Après avoir digéré cette atteinte à ma personne, j'ai vu le reste de leur troupe s'acharner sur mes amis. Quand ils ont ouvert le sac, j'ai cru assisté à la découverte du Graal. Entre deux paquets de crêpes et de gaufres, ils ont trouvé un beau grinder et une petite boite. Je ne sais pas si je dois rire ou pleurer de la situation que je suis entrain de regarder (et des "blagues" qui ne feraient pas rire un phoque). Il m'est déjà arrivé une fois de parler à des gendarmes, toujours en situation de tort évidente. Mais dans ce genre de situation, on essaie de chercher la part d'humanité derrière ces déguisements qui leur collent parfois un peu trop à la peau. Je les regarde parler devant moi, ils forment un cercle et je peux observer chacun de leur visage. Ce que je vois, c'est une horde de chacals aux grandes dents, riant ouvertement et fiers comme des coqs. Dans leurs mains, ils se font passer les trouvailles de leur petite chasse aux trésors, ce sont leurs trophées. Et là, je le vois partir. J'entends "On va l'embarquer au poste". Ma gorge se serre, je ne peux pas m'empêcher de pleurer, je suis juste un peu terrifiée. Je les regarde tous, je cherche un regard. Là, je ressens de la haine. Ils me fuient tous. Sauf un. Un monsieur que je n'avais pas vu, qui me regarde et me dit de me rendre à tel endroit, c'est là que se trouve le poste, et qu'on pourra l'attendre devant. Sans attendre, on se dirige alors vers le poste de police. Il est une heure du matin, et nous voilà traversant la ville à pied. On recroise le camion qui l'a emmené. Je me pose des questions, je repense au gamin que j'ai vu se faire prendre lui aussi. Je pense à ceux qui étaient un peu trop bien habillé pour se faire fouiller. Je pense encore et encore au sens du mot "justice".

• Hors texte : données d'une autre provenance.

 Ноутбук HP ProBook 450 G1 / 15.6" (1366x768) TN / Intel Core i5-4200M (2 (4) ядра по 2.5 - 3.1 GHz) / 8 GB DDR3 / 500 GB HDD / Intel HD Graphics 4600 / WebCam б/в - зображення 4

A l'entrée, un interphone. On sonne, et un gros monsieur décroche, il a l'air un peu (beaucoup) embêté. Il n'a vu personne, ou la personne dont on lui parle est déjà partie depuis un petit moment. Il ne peut rien faire pour nous, et nous envoie gentiment de l'autre côté du bâtiment. Un jeune homme nous accueille, et nous demande d'attendre devant la grille. On regarde rentrer et sortir des voitures du parking, en recevant toute l'indifférence que l'on mérite. Le jeune homme ne peut rien faire pour nous non plus.

Enfin, plus de peur que de mal au final. Peu de temps avant cette petite mésaventure, je m'interrogeais sur la notion de justice, j'allais même en faire un article. De nos jours, quelle valeur a la justice que les hommes se sont approprié ? Le respect des lois est-il devenu un prétexte pour dépouiller le plus pauvre d'entre nous ? Quand leur mission est celle de l'intérêt général, pourquoi nous font-ils avoir le sentiment d'être des criminels ?
Nous vivons dans une société où l'argent ne fait pas le bonheur, et pourtant, c'est lui qui règne en maître.

Nous faisons partit d'une génération dont les relations avec les figures de la justice peuvent être conflictuelles. Quand eux se plaignent des caillasses reçues lors de manifestations, nous nous plaignons de l'insécurité qui règne dans certains quartiers. Lorsque l'on revendique une liberté, ils sont là pour l'entraver. Quand à cela s'ajoute les problèmes de racisme, homophobie, machisme et autre problème d'égo, il est bien évident que sans "bons policiers", il n'y pas de "bons citoyens".